Their voices were calm and matter of fact. Each stood alone at a lectern in a college auditorium and spoke without stopping for an hour or more.
Each had survived the Holocaust.
Every year, a college in our town sponsored a Holocaust Remembrance that featured a living, breathing survivor. The audience would fill with college students, some younger students from high schools, and people like me who saw the notice late every year and dropped everything to race across town. How can I not go, I asked myself, no matter how busy, no matter how many books I’ve read, no matter how hard the story they would tell? How can I risk there being a single empty seat?
The person I remember most vividly was a woman in her eighties. She stood next to the lectern, not behind it, and rested her right arm on its edge, like a person might do if they were chatting in a friendly bar somewhere. She was dressed in a very tailored suit which she later mentioned she had made herself. She had, she told us, survived the camps because she could sew.
She told about the deaths of her parents and her siblings. Her voice was clear and strong but her words came out as if she was telling her story for the first time. Steady and strong, factual, no embellishment. She had no slides or photos, no way to show us the young person she had been, so she took us there with her words. She talked about hunger and fear, seeming to know that no words could describe what those words meant then to people who were living now. She just described but didn’t emphasize, didn’t wave her arms or tell us that it was the worst thing that had ever happened. She kept herself to her own path.
She said that each day in the camp she did what she needed to do to live to the next day. It was her job to survive, she said. God wanted her to survive. I sat thinking that she was sparing us the details, the stories of cruelty and desperation. We weren’t tough enough to hear those things and she knew it.
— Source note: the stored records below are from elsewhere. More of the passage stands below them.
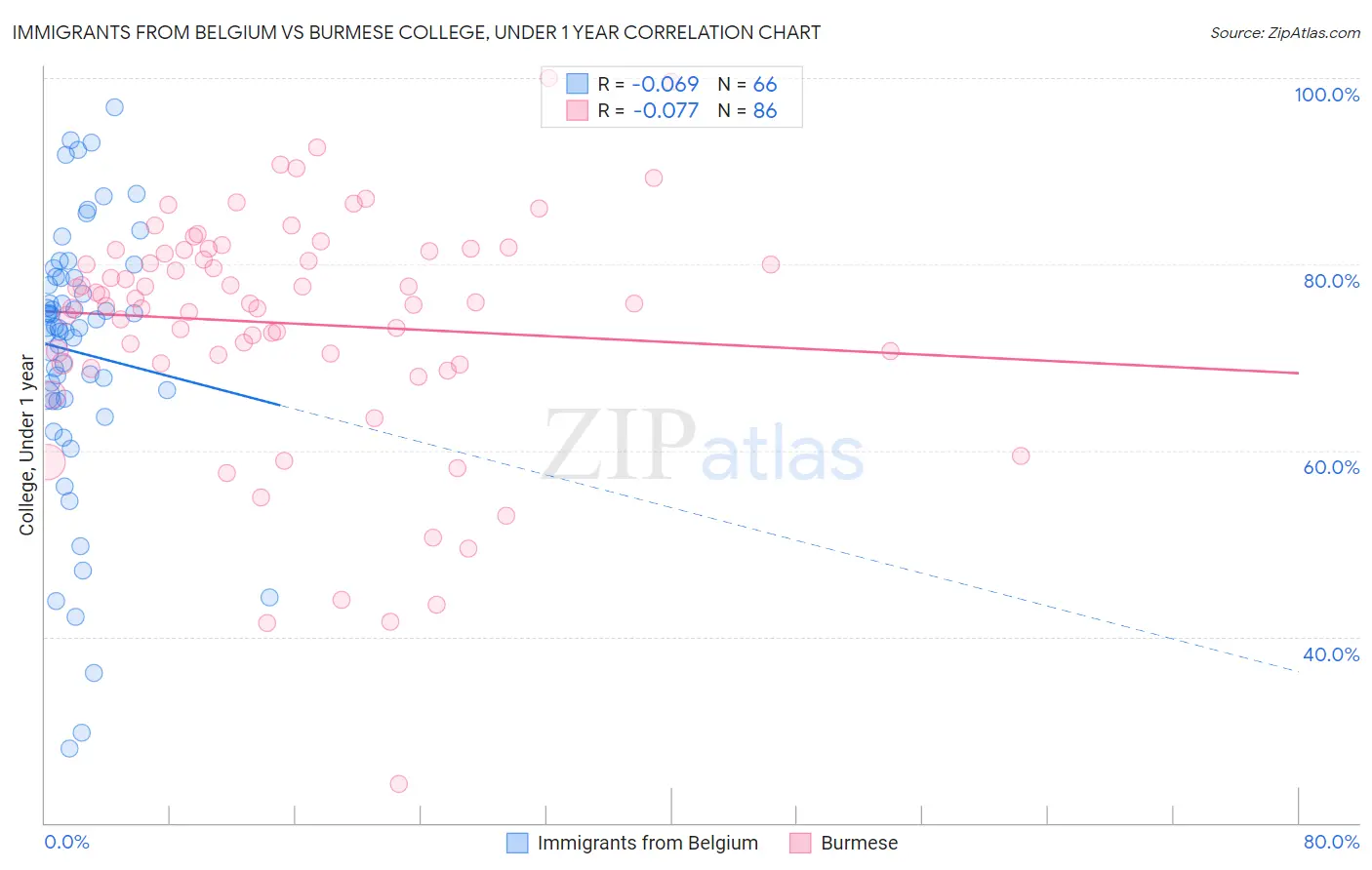 Immigrants from Belgium vs Burmese College, Under 1 year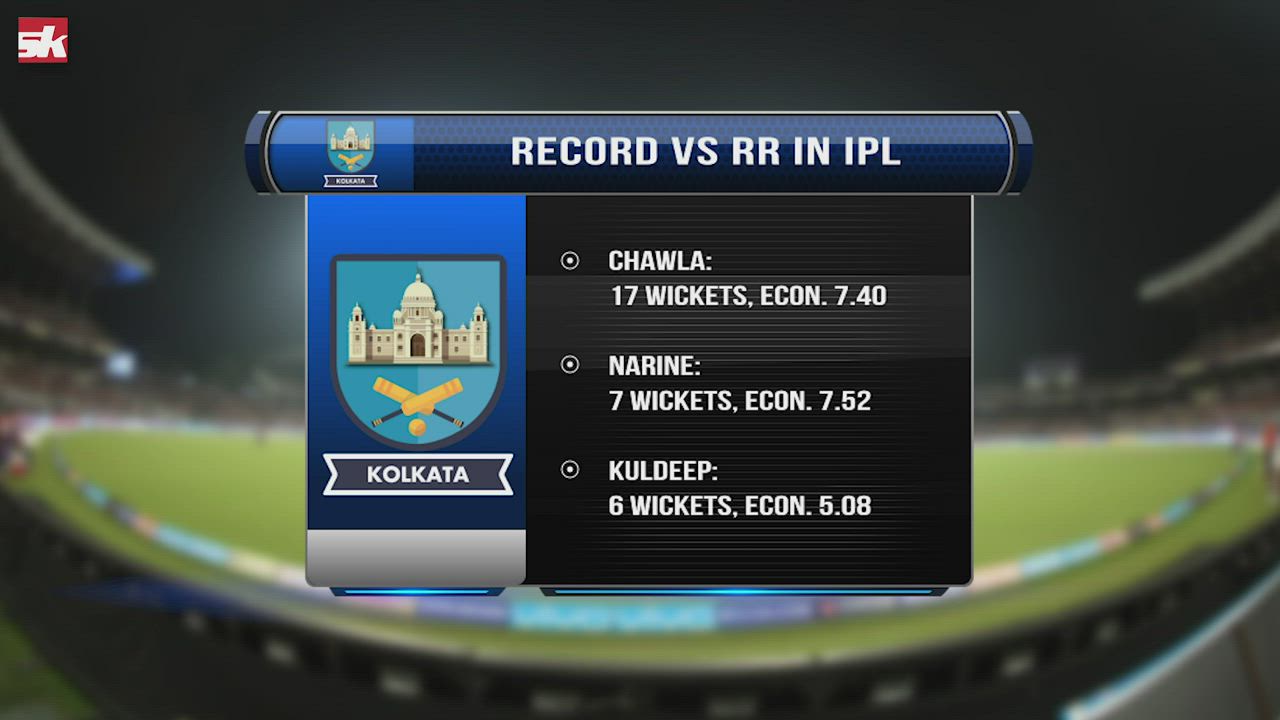 IPL 2019: Match 21 | RR vs KKR | Match Preview | Pitch Report
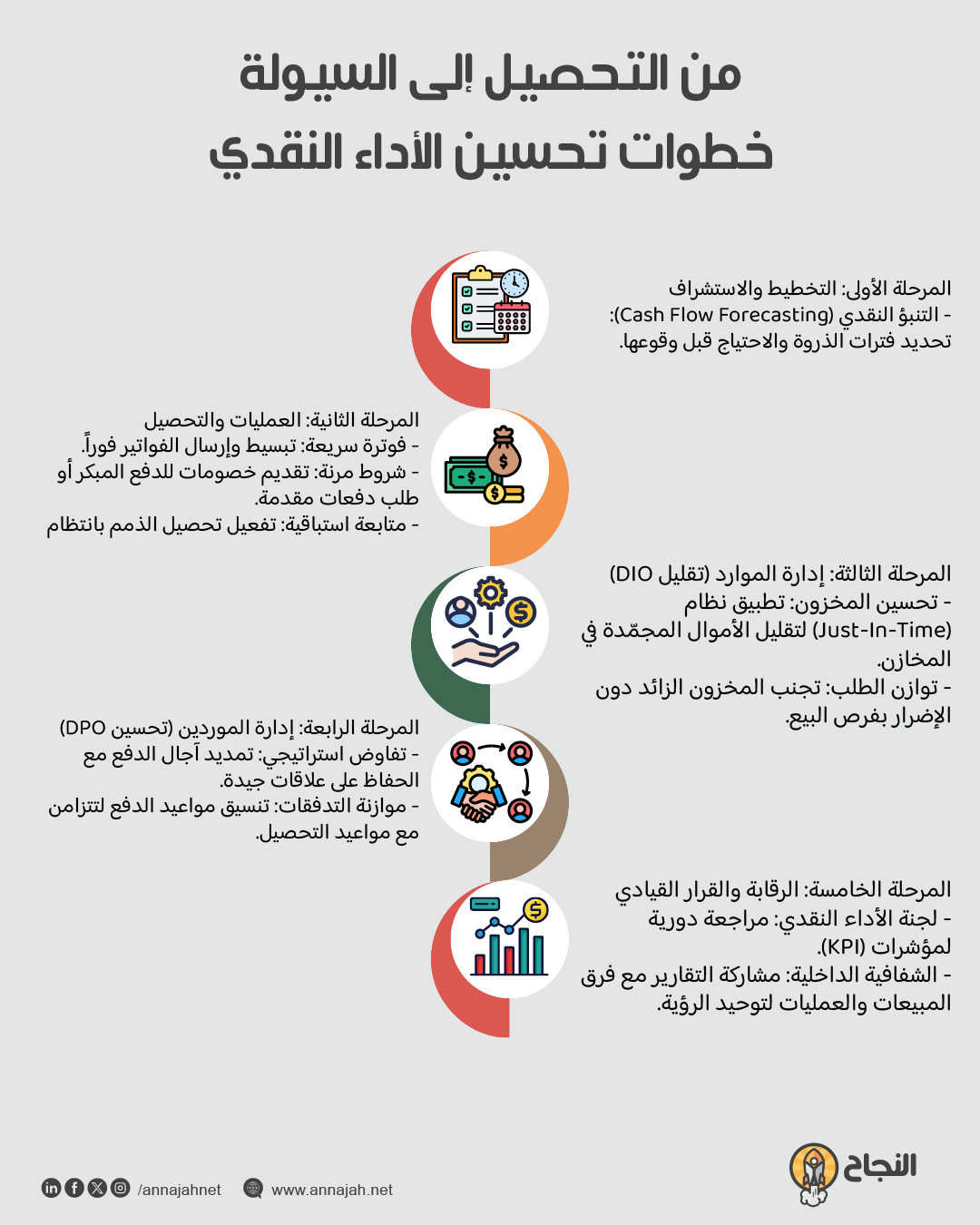 من التحصيل إلى السيولة: خطوات تحسين الأداء النقدي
After her talk, a student asked her if she was bitter about what had happened and she said no. But it wasn’t because she had forgiven the people who had perpetrated such horror. She wasn’t bitter, she said, because she couldn’t raise her children with love if her heart was filled with anger, it would hurt them, damage their lives, so she decided to be happy. And she was. She lived her life.
When she said this, she was still standing with her arm on the lectern, hands clasped, standing straight as a twenty-year old. She wore old lady shoes that laced up and they looked just like the shoes in photos of people dressed in their traveling clothes being herded on to the trains except now they were beautiful like very dark glass slippers. Is that how she survived, I wondered? Was she magical in some way? Stronger than other people? No, that wasn’t it. She told us how she survived. She could sew.